Tender potato casserole with mushrooms, vegetables and turkey
Ingredients
- 4-5 potatoes
- 60 ml milk
- 2 tbsp butter
- Salt, to taste
- Black pepper, to taste
- 1 onion
- 6-7 mushrooms
- 1 carrot
- 2-3 cloves garlic
- 1-2 sprigs of parsley
- 1-2 sprigs of thyme
- 450 g minced turkey
- 1 tbsp flour
Utensils
- knife
- pot
- masher
- garlic press
- cutting board
- frying pan
- casserole
Instructions
- Cut the peeled potatoes into large pieces.
- Then cook for 15-20 minutes.
- Drain the water.
- Add the milk and butter to the potatoes.
- Salt and pepper and mash until smooth.
- Onion and chop the mushrooms into small pieces with a knife.

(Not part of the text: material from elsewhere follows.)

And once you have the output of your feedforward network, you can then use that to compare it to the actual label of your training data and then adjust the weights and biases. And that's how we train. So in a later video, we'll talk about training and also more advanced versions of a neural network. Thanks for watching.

- Peel and coarsely grate the carrot.
- Press the garlic through the garlic press.
- Chop the herbs finely.
- Heat the vegetable oil in a frying pan over a medium heat.

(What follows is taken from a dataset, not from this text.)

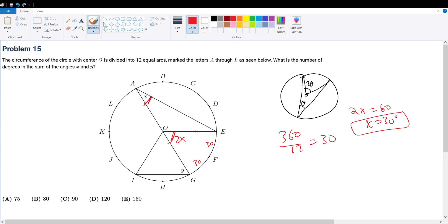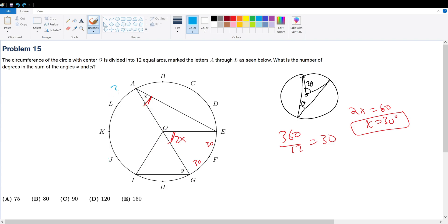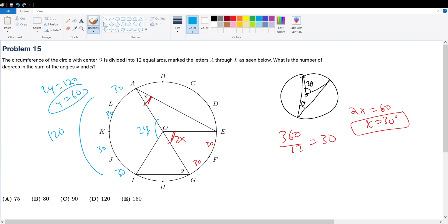Now let's solve for Y using the exact same approach. This angle shares an arc with the central angle right here. That arc spans 30, 30, 30, and 30 degrees, so the central angle is 120 degrees. Since the central angle equals 2Y, we have 2Y equals 120, so Y equals 60 degrees.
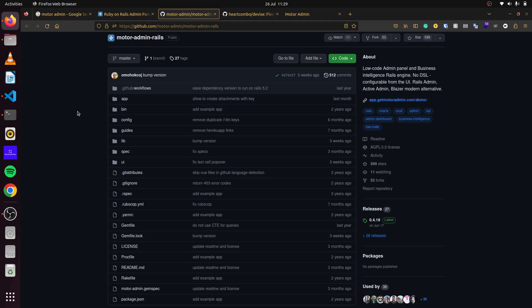Today we'll learn how to implement Motor Admin in our Rails application. Motor Admin is a low-code admin panel and business intelligence Rails engine. There's very little DSL configuration required for the UI, so we'll learn how to create our admin panels using this gem.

- Onion for 5 minutes sauté in it.
- Add the ground beef, carrots, mushrooms, garlic, parsley, thyme, salt and pepper.
- Cook the whole thing, stirring, for another 6-8 minutes.
- Sprinkle the contents of the pan with flour, stir and another minute leave on the stove.
- Place the minced meat and mushrooms in a casserole dish and press flat.
- Spread the mashed potatoes on top.
- Bake the casserole at 180°C for approx. 25-30 minutes.